INDESTRUCTIBLE, L’EMPEREUR ?

Napoléon a lui-même été blessé à diverses reprises au cours de ses campagnes – quoique superficiellement. Le chef boudait rarement les lignes de front. Les plaies de ses soldats n’avaient dès lors pour lui aucun mystère, ni plus ni moins que les pires horreurs de la guerre. Engagé dans d’innombrables batailles, l’homme ne restait pas imperturbable face aux souffrances humaines dont il savait partager la responsabilité, mais il ne s’en formalisait pas pour autant. Napoléon s’est souvent montré bouleversé lorsque mourait un officier qui comptait parmi ses proches, tels les maréchaux Duroc, Lannes ou Desaix, par exemple. Mais la douleur des simples soldats l’affectait également. L’innommable bain de sang de la bataille d’Eylau, entre autres, lui a causé un véritable choc. Après la bataille d’Austerlitz, il a ordonné l’instauration d’un système de pension à l’intention des veuves et orphelins laissés par les soldats tombés à la bataille.

L'effrayant bain de sang d'Eylau, les 7 et 8 février 1807, choque profondément Napoléon. Il s'exclame :
L’effrayant bain de sang d’Eylau, les 7 et 8 février 1807, choque profondément Napoléon. Il s’exclame :  » Ce massacre devrait dissuader tous les princes de la terre de faire la guerre. « © D.R.

Chemin faisant, s’il a progressivement fermé les yeux sur les affres de la guerre, c’est qu’il n’y avait bien sûr rien d’autre à faire. Tel était le lot du guerrier, et il le savait bien parce qu’il avait risqué sa propre vie plus d’une fois. Mais la vision insoutenable d’un champ de bataille à l’issue des combats l’ont vraisemblablement hanté jusqu’à la fin de ses jours. Un constant surmenage contribuait sûrement à le soulager de ses démons. Rien de tel, en effet, qu’un agenda bien surchargé et des journées mouvementées pour ne pas se laisser vaincre par ses émotions. Sans doute est-ce là ce qui lui a valu cette image de rudesse et d’insensibilité qui l’a suivi dans la postérité.
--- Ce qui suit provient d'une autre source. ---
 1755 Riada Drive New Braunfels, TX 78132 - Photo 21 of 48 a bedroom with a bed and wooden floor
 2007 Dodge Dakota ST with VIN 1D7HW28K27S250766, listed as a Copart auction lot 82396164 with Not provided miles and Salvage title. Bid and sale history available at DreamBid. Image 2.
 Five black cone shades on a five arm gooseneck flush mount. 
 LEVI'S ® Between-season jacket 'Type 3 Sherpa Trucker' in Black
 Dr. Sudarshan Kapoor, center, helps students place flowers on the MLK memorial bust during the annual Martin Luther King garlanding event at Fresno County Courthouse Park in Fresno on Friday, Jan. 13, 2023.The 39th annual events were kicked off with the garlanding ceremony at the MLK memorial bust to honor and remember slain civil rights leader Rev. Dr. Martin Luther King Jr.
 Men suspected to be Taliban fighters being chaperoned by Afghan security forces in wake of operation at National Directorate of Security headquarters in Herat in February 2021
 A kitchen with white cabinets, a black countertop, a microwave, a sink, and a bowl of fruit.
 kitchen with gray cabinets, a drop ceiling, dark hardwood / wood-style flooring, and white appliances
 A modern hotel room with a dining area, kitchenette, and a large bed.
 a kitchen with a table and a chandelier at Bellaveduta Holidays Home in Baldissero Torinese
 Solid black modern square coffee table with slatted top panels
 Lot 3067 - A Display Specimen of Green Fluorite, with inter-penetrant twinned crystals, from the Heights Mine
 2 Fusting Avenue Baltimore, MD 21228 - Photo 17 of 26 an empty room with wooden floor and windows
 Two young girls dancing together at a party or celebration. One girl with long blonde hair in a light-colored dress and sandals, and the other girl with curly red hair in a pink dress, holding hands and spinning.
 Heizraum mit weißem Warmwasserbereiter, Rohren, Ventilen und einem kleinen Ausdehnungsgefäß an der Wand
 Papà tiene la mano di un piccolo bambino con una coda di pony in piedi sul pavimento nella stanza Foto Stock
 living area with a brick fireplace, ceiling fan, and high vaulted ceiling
Dix mille blessés ? Soit. Dès le matin suivant, on pouvait aussi bien le retrouver en train de rédiger le futur règlement de la Comédie Française ! Un bon moyen pour garder la tête sur les épaules, la sienne et celle de son armée.

Des peuples avant d’être des Etats

Bien que la Belgique et les Pays-Bas ne se fussent pas encore constitués à cette époque en tant qu’Etats, l’usage de ces noms dans le cadre de la géographie et des relations internationales est attesté sans équivoque, d’où leur emploi en l’occurrence. Il en va de même pour les  » Allemands « . L’Allemagne n’existait pas non plus en 1815, mais les populations des multiples principautés germanophones étaient bel et bien désignées sous ce terme.